Editor and journos quit FreeMalaysiaToday
MON 2014-JUN-2 @ MYT 14:51:02 PM
MEDIA GRAPEVINE
Online newspaper Free Malaysia Today is losing its editors and up to 15 journalists as a result of internal management problems and a pending shake-up in the way the site is run and its future editorial direction.
Word is that the site is to be more Barisan Nasional-friendly, in a departure from its current position. However this could not be confirmed.
Free Malaysia Today was set up four years ago, more or less a sister site to Raja Petra Kamaruddin’s Malaysia Today, and is widely believed to have been under the financial patronage of businessman John Soh Chee Wen, once an ally of Anwar Ibrahim.
The site had a shaky start until Soh’s right-hand man Nelson Fernandez, a former New Straits Times journalist turned ad man and businessman, brought in MalaysiaKini’s news editor K Kabilan as editor and his team of experienced former NST and Star journalists.
Kabilan left at the end of last week after building up the site over the past four years. He was not available for comment; it is not known as yet where he would be headed.
Three other editorial executives — the chief sub-editor, regional editor and news editor — are also believed to be handing in their resignations shortly.
Up to a dozen more journalists, most of them reporters, are expected to follow suit — possibly leaving FMT a mere shell.
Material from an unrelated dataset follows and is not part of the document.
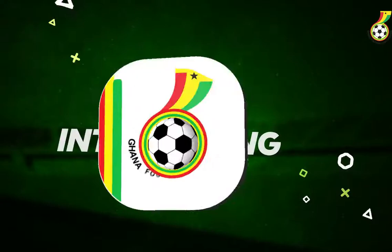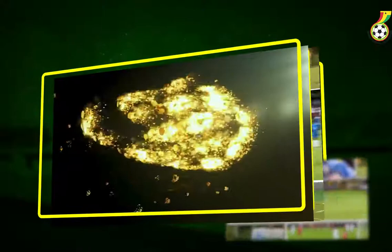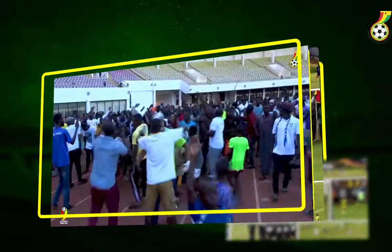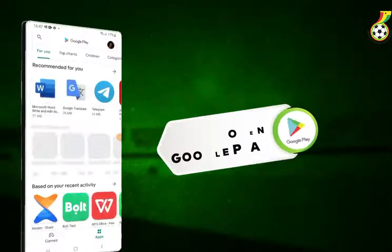Here is some exciting news for all football fans across Ghana. Introducing the Ghana Football App. You can watch all the upcoming Division 1 Super Cup games live on the new Ghana Football App. You can also catch up on the latest local league competition, get up to date on player profiles, team news, league standings, live scores and so much more.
It is believed they will seek positions at other online news sites such as Malaysian Insider,FZ.com, the Rakyat Post or the Malay Mail.(Rakyat Post’s managing editor Nelson Fernandez [Ridhuan Abdullah] is a younger namesake to FMT’s chief but no relation.)
It was not immediately known what prompted their leaving. For several months there had been speculation about the site’s financial situation and its future direction and friction between company and editorial management.
It is believed that FMT’s chief executive Nelson Fernandez will be having discussions in the next few days on the fate of the site: to decide whether the site will continue, in what form, and how it will be run.